Manually catch them and squash them. Encourage birds to your garden as they will enjoy eating the caterpillars. If necessary Dipel or Derris Dust can be used to kill them.

Mealy Bugs

These look like there are tiny tufts of fluffy white cotton wool on your plants. They tend to gather underneath leaves and also in the joints where the leaves meet the stems. Mealy bugs have a waxy coating on them and it is sometimes difficult to get through the waxy barrier to kill them. Wherever possible try to kill the mealy bugs with alcohol. Dip a cotton bud in the alcohol and dab it on each mealy bug. You may need to repeat this process over and over to finally get rid of them. If you have to resort to a chemical solution please be careful and observe all warnings when using the product.

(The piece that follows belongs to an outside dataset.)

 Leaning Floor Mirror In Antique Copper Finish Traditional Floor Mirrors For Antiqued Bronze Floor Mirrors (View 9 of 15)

The following plants deter mosquitoes: rosemary, catnip, marigolds and ageratum. Rosemary and catnip can be crushed and rubbed onto your skin as well. It is the actual crushing of the plant that releases the odour that mozzies don't like. Don't rub marigolds or ageratum onto your skin.

Slugs and Snails

These slimy creatures each have both female and male reproductive organs. So they can mate very easily and produce lots of problem babies. For removal the best option is to search out all possible snail and slug homes within your garden. Tidy everything up in your yard. Remove any weeds and dead organic matter. They like hiding underneath long grass and weeds. Look beneath any pot plants, check areas that are dark and tucked away. Check around the back of the shed, around your compost heap and especially alongside any any spare bricks and timber you are saving for future projects. At night head outdoors with a torch and follow their shiny trails. Now put out some traps to catch the ones you have missed. Find a shallow bowl and put in some stale beer. They will be attracted and will then drown themselves in the beer. Keep an eye out for their eggs - they look like tiny jelly balls. Destroy them. Spread oat bran around. It kills slugs and snails. They don't like gravel or other rough surface ground coverings such as wood chips. So, spread something similar around your plants and it will deter the them from reaching the plants. If you have to resort to baits please consider what other garden creatures might be killed as well as the slugs and snails. If you use baits then put them in places where pets won't be able to reach them. Possibly put them under a piece of corrugated iron that has a brick or two on top to stop it being moved. There is now an organic certified snail bait available that is safe around pets and children.

Spider Mites

These critters are difficult to see with the naked eye. If your plants are looking yellowish -brown and you have eliminated other causes then spider mites could be the problem. Check out the plants with a magnifying glass to be sure. They are difficult to control without using chemicals. If you are forced to resort to a chemical solution then please read the instructions very carefully. The chemical you purchase must say on the label that it is suitable for spider mites. General insecticides won't work. Dry air seems to encourage spider mites to breed so keep up the moisture wherever possible.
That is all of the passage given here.